Un bouquin extra qui commence comme un dialogue par chapitre interposé. La grand-mère commence à parler à Marcus son petit-fils, puis suivent Dana, la mère, les frères et soeurs de Marcus et Marcus lui-même. Puis, on remonte 60 ans en arrière pour vivre les émeutes de Saint-Louis, Missouri, lorsque Mamy Lee était jeune fille, avant de revenir à aujourd'hui pour une tragédie qui sera expliquée par le passé. Ce qui fait la force de ce livre, c'est bien sûr le thème qu'il traite : le racisme, la haine de l'autre, sujet qui malheureusement sera toujours d'actualité je le crains. Et ce n'est pas l'époque actuelle qui est la plus tolérante, chaque jour l'actualité nous montre un faits divers ou des phrases des uns et des autres attisant la haine et les peurs.
Judith Perrignon écrit là un vrai roman américain comme aurait pu le faire par exemple et sans comparaison
Toni Morrison (le peu que j'ai lu d'elle m'est revenu en mémoire à la lecture de ce roman). Elle dresse le portrait d'un jeune noir de maintenant vu par les yeux de sa grand-mère
Les personnages sont formidables, on les voit même s'ils ne sont pas décrits physiquement, on les sent vivre et vouloir se battre pour montrer qu'ils existent, même quand comme Dana la mère, ils sont fatigués de toujours lutter. Mon seul bémol est ma difficulté du départ à me retrouver dans tous les prénoms énoncés qui s'estompe assez vite, puisque chacun s'exprime à tour de rôle.

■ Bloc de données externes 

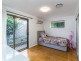 66 Boshammer Street, Rangeville QLD 4350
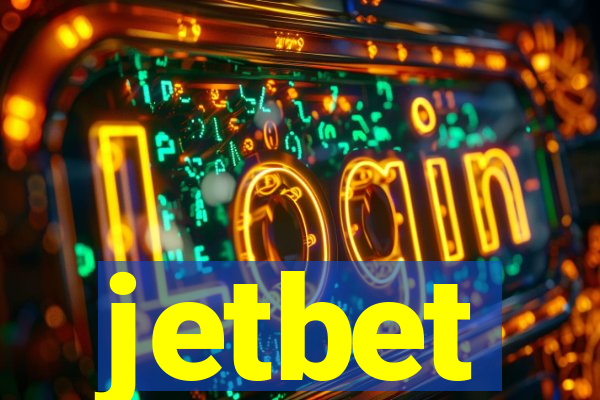 jetbet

La force de ce texte tient aussi au style, à l'écriture de
Judith Perrignon. Les narrateurs alternent, chacun racontant sa vision des faits, de la vie. Les phrases sont longues, très ponctuées, parfois des bribes de dialogue s'y insèrent. Une longue mélopée. Une supplique. Une prière d'une grand-mère à son petit-fils. Elle varie aussi les styles dans les différentes parties, entre dialogues, témoignages (celui du sauveteur est magnifique, lourd, insupportable et d'une beauté et d'une profondeur rares), récits. Évidemment, tout cela n'est pas très joyeux, peu de place est faite aux sourires ou aux rires, sûrement parce que la famille de Marcus a peu de raison de se réjouir de la vie qu'elle mène. Un très beau texte qui m'a scotché par sa force sur un thème pourtant souvent traité et qui me touche particulièrement.